Monday, February 1, 2010

The hearts and minds of workers and investors...

 Robert Shiller on the key to economic recovery...

Today, after the speculative bubbles in the housing market, we are leaving a time of irrational exuberance when many people and financial institutions bet their future on speculative trading, not on genuine economic contribution. Speculation is a healthy capitalist activity, but there is a problem if it becomes a national obsession, as it did in the boom before this crisis. President Obama’s proposed “Volcker Rule,” which seeks to limit bank risk-taking, may be seen as a response to widespread disillusionment with excessive speculation.

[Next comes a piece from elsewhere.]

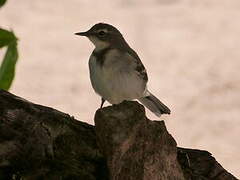 Cape Wagtail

The present mood, though, needs to be put into a longer historical context. After World War II, there was rapid growth in labor productivity until sometime around the early 1970s. But then there was a major break, roughly coinciding with three events of 1973-74: the oil crisis, a huge stock market tumble and the first significant depression scare since the Great Depression itself.

According to the Bureau of Labor Statistics, annual growth of business output per labor hour averaged 3.2 percent from 1948 to 1973, but only 1.9 percent from 1973 to 2008.

Ever since the long-term productivity slowdown became visible, the economist Samuel Bowles, now at the Santa Fe Institute, has said that its causes are to be found as much in the loss of “hearts and minds” of workers and investors as in technology.

This month at Yale, in lectures titled “Machiavelli’s Mistake,” he spoke of the error of thinking that a high-performance economy could be based on self-interest alone. And he warned of the overuse of incentives that appeal to individual gain.

The speculative boom periods that ended a few years ago carried us into such overuse, and today’s malaise is partly a result of our disorientation from that period.

IN their coming book, “Identity Economics,” the economists George Akerlof of the University of California, Berkeley, and Rachel Kranton of the University of Maryland argue that an economy works well when people personally identify with it, so that their self-esteem is tied up with its activities.

The authors emphasize this example from the military: Well-functioning fighting units have never been built on pay-for-service alone. People will sacrifice their lives if they believe in the cause and in one another.

In most civilian fields, job satisfaction may not be a life-or-death matter, but a relatively uninterested, insecure work force is unlikely to bring about a vigorous recovery.

Solutions for the economy must address not only the structural instability of our financial institutions, but also these problems in the hearts and minds of workers and investors — problems that may otherwise persist for many years.